▶ _Your objective_:
The task calls for the lines below from the line with "Nevertheless She Persisted" to the line with "snap frame display stand", both ends included, copied exactly, without any pictures.

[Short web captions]
-----

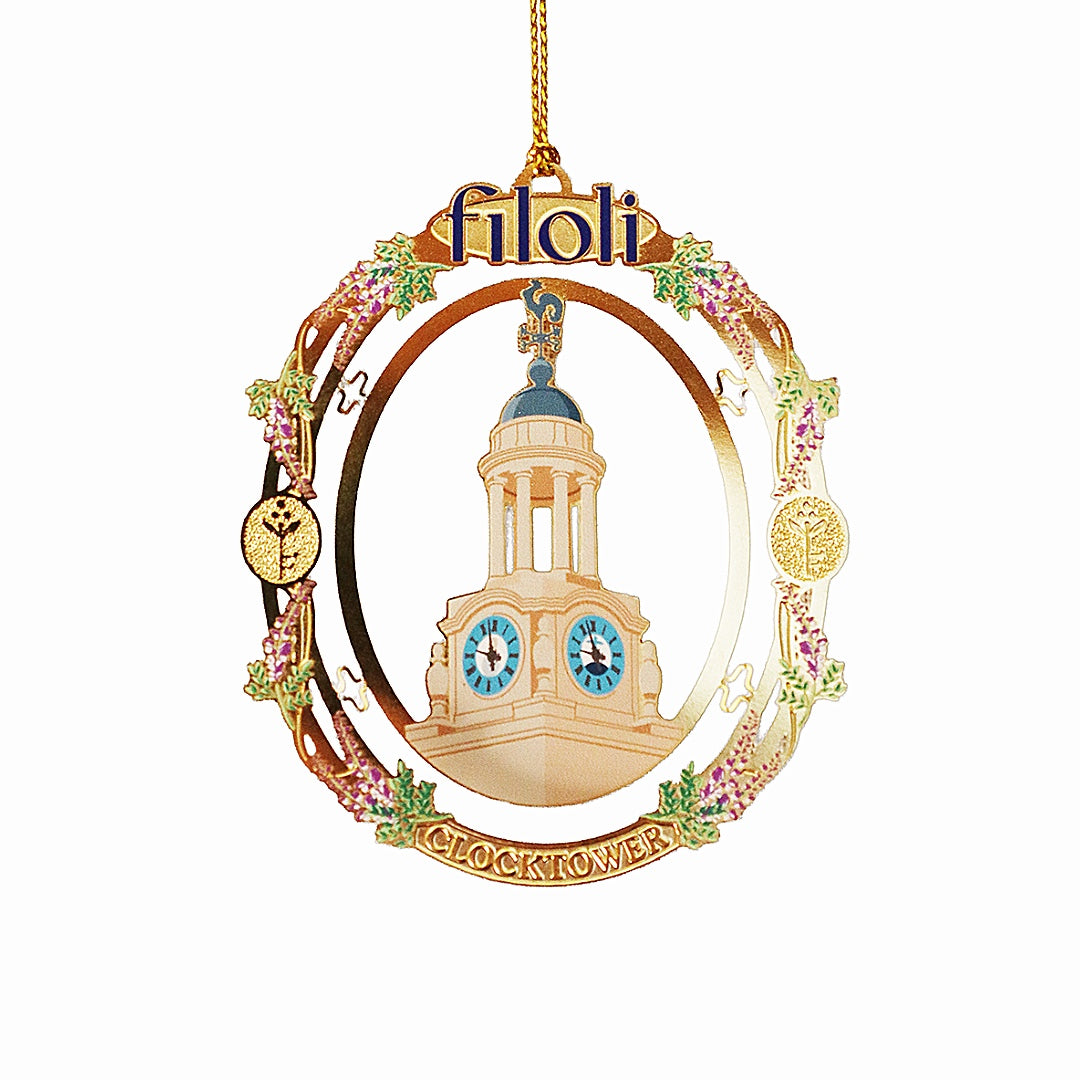 Filoli Clock Tower Ornament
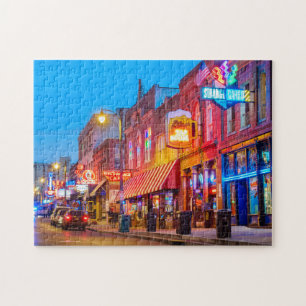 Memphis Skyline Tennessee Bilder Memphis Bilder Ci Pussel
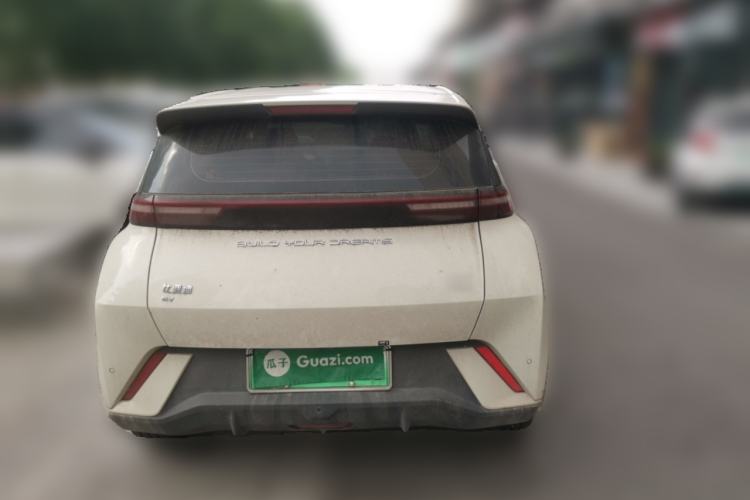 Used BYD Seagull 2023 Flying Edition Rear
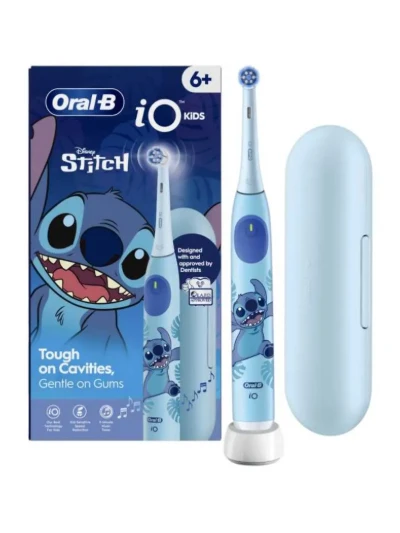 ORALB IO2 SPAZZOLINO ELETTRICO BIMBI 6+ STITCH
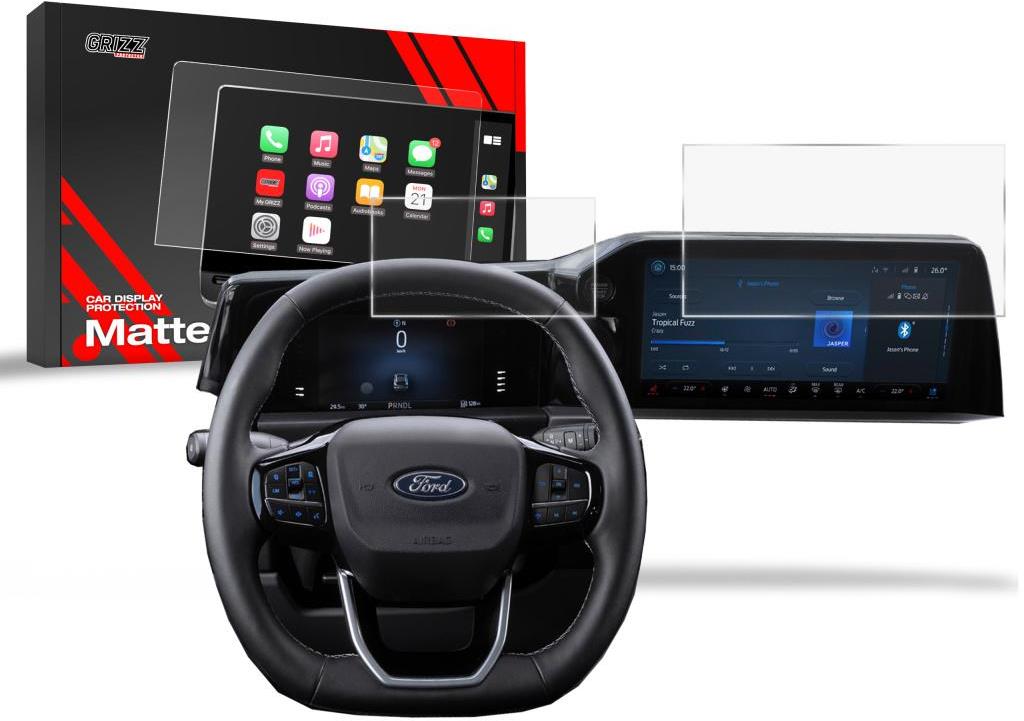 GRIZZ Matná folie na LCD display navigace Ford Transit Custom 2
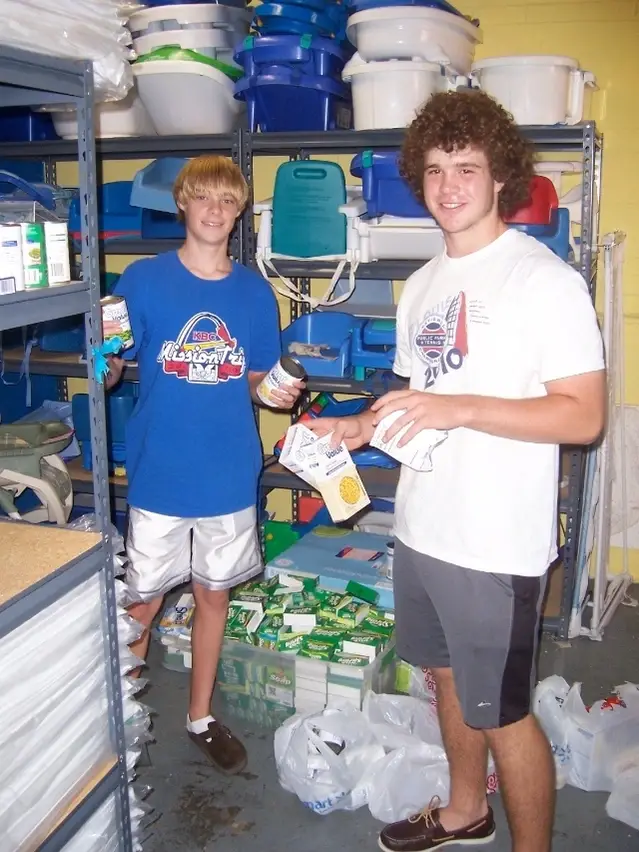 Sorting and Organizing Baby Items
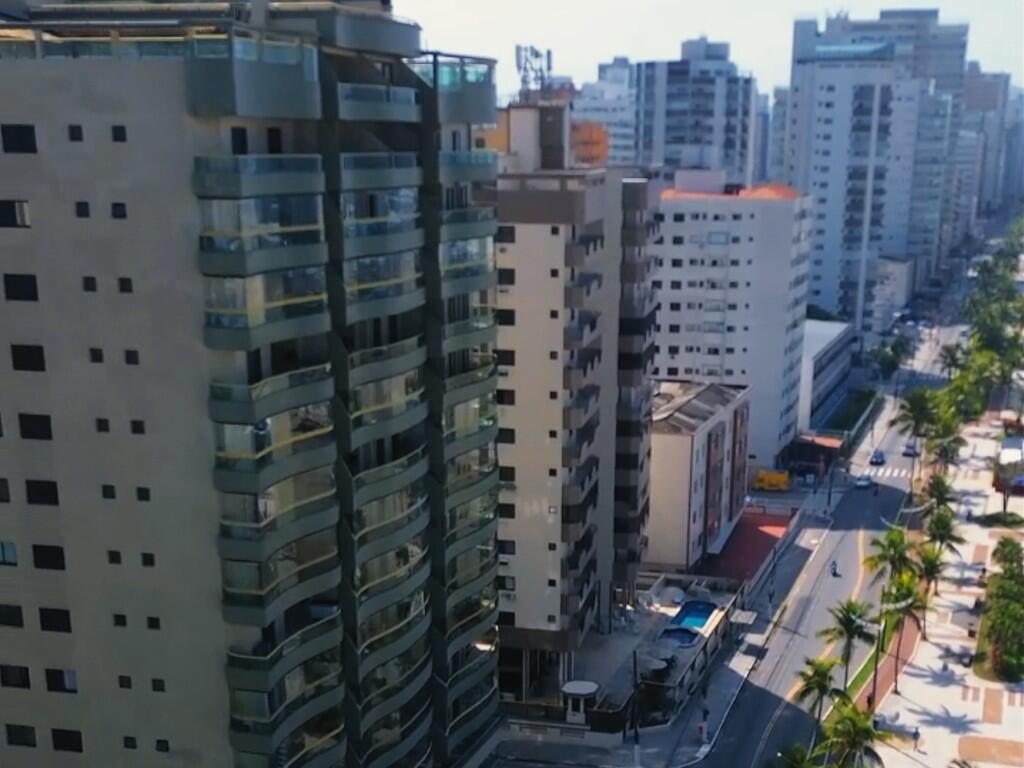 Apartamento com 3 quartos e 110 m² em Ocian, Praia Grande
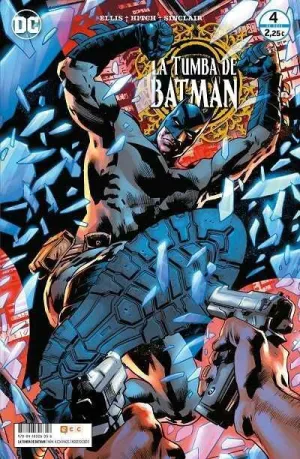 LA TUMBA DE BATMAN #04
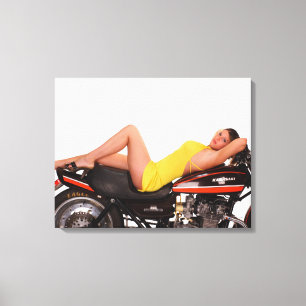 De Z1 en Cassie Canvas Afdruk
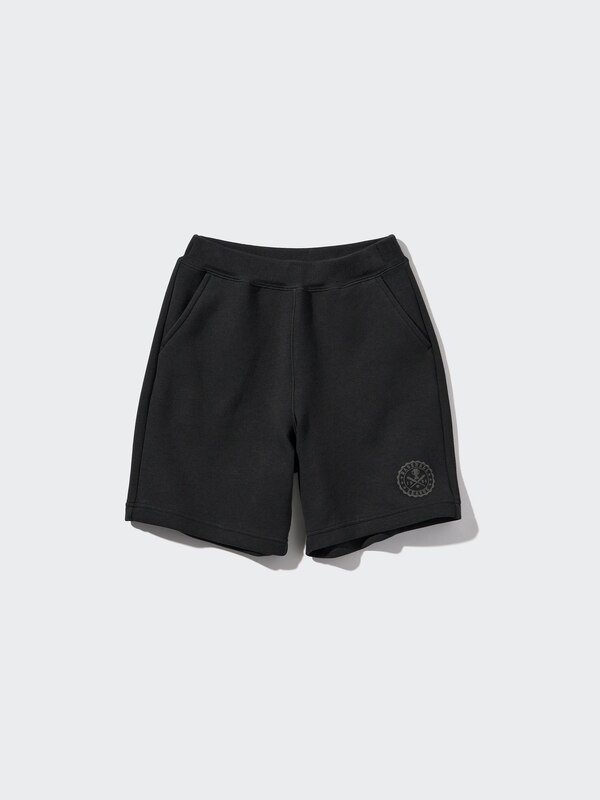 Ultra Stretch Graphic Dry Sweat Shorts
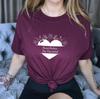 Nevertheless She Persisted Shirt Botanical Shirt Influential Women Statement TShirt Let Love Grow Cottagecore Minimalist Line Art RBG Shirt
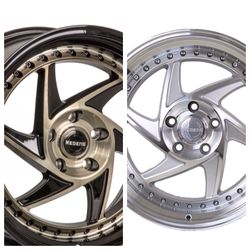 Regen 5 Rims 18” 5x112 5x114 5x100 (only 50 down payment / no credit check)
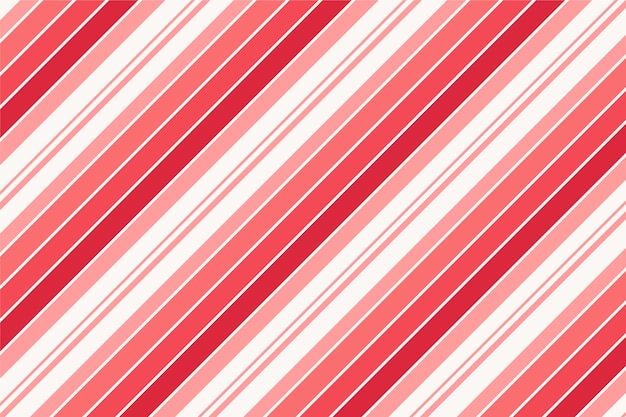 Flat design candy cane background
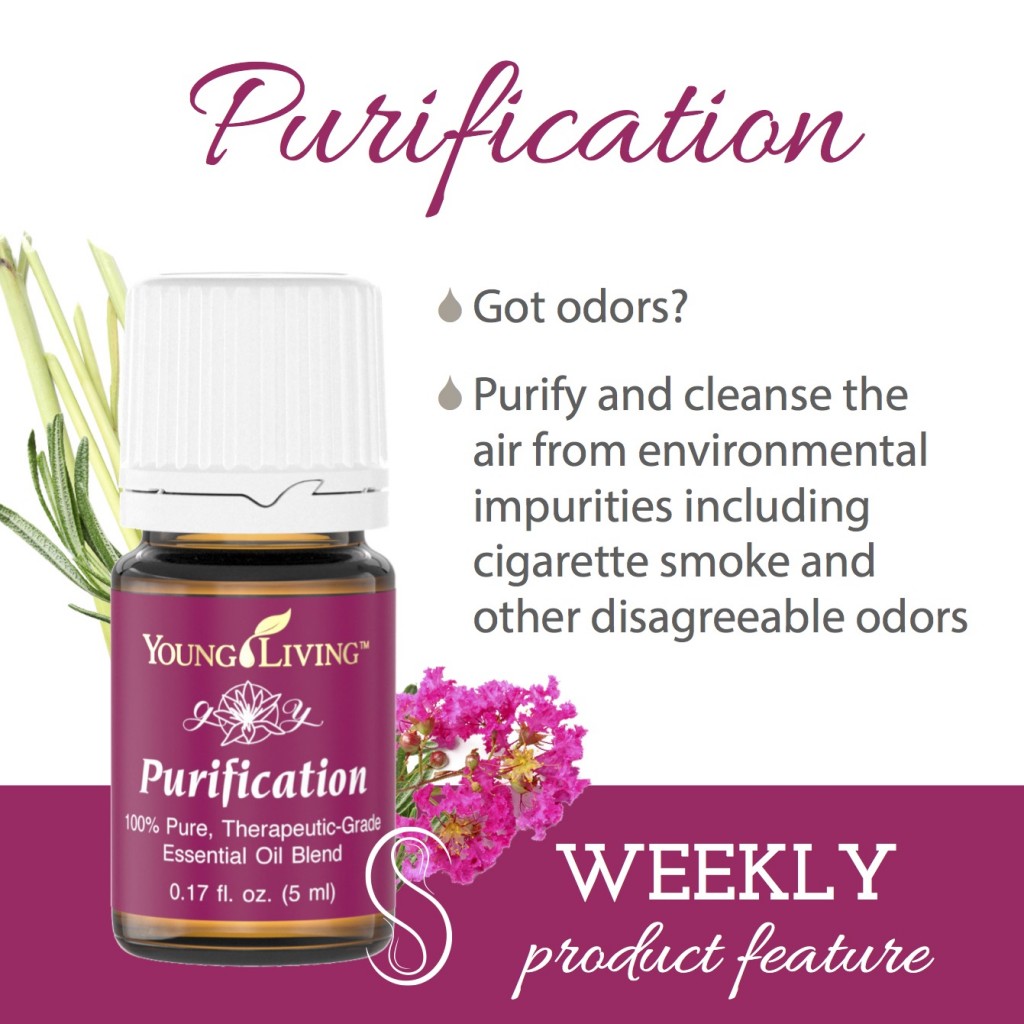 Young Living Purification Essential Oils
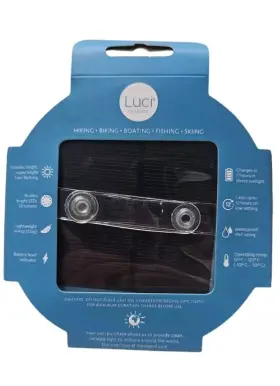 1002-004-001-014 LUCI OUTDOOR Solar Inflatable Light Led #2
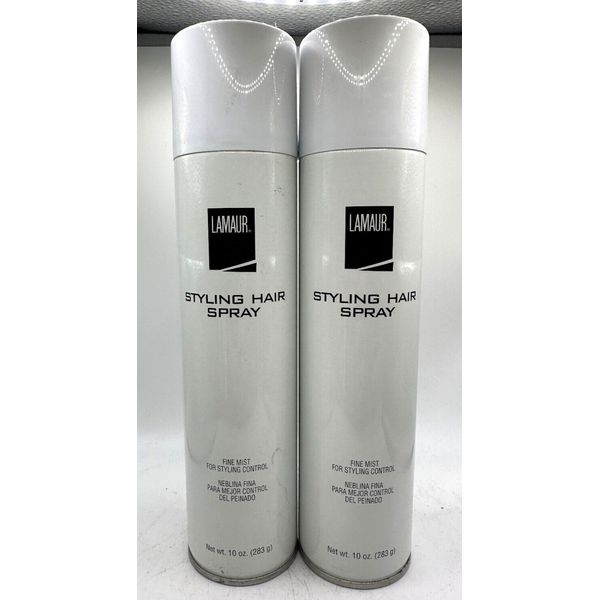 (2) Zotos Lamaur STYLING Hair Spray 10 oz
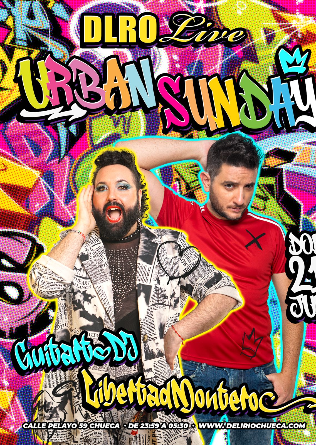 URBAN SUNDAY - 21 JUNIO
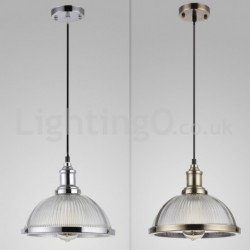 Industrial Stainless Single-head Pendant Light Coffee Shop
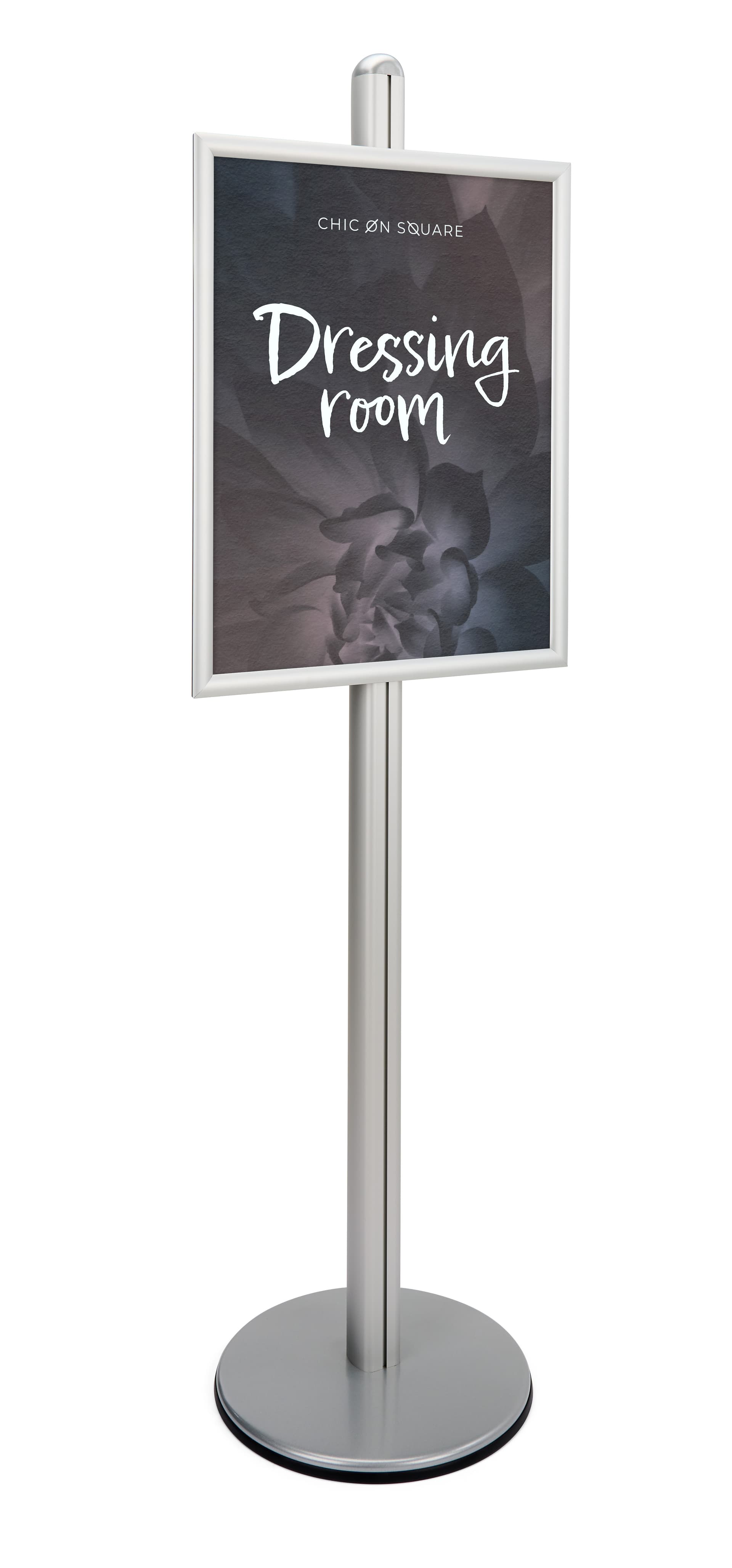 snap frame display stand
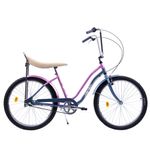 Bicicleta Pegas Strada 2 aluminiu, 3 viteze, Roz Bujor fotografia produsului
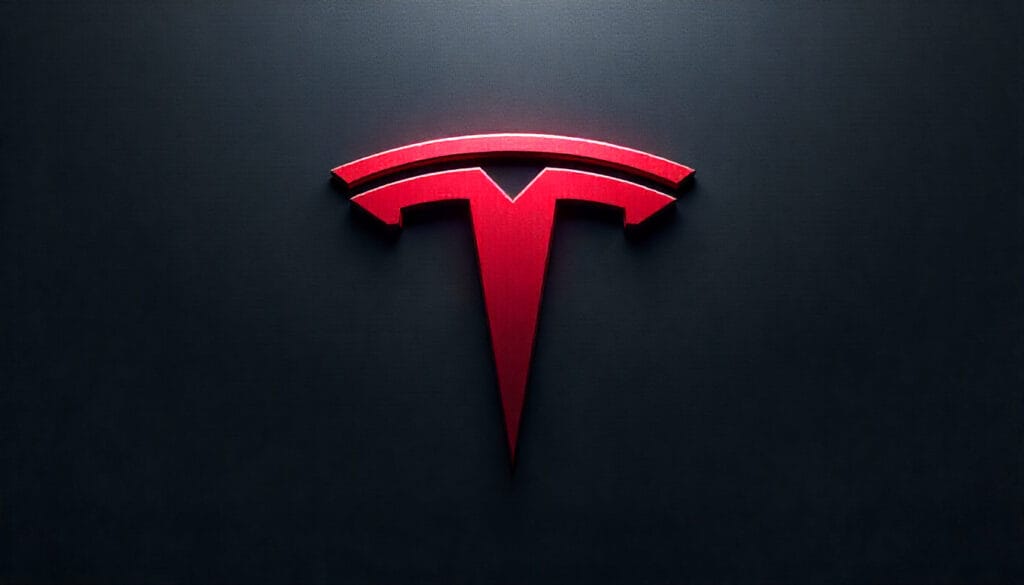 tesla logo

-----

▶ _Solved problem_:
 Nevertheless She Persisted Shirt Botanical Shirt Influential Women Statement TShirt Let Love Grow Cottagecore Minimalist Line Art RBG Shirt
 Regen 5 Rims 18” 5x112 5x114 5x100 (only 50 down payment / no credit check)
 Flat design candy cane background
 Young Living Purification Essential Oils
 1002-004-001-014 LUCI OUTDOOR Solar Inflatable Light Led #2
 (2) Zotos Lamaur STYLING Hair Spray 10 oz
 URBAN SUNDAY - 21 JUNIO
 Industrial Stainless Single-head Pendant Light Coffee Shop
 snap frame display stand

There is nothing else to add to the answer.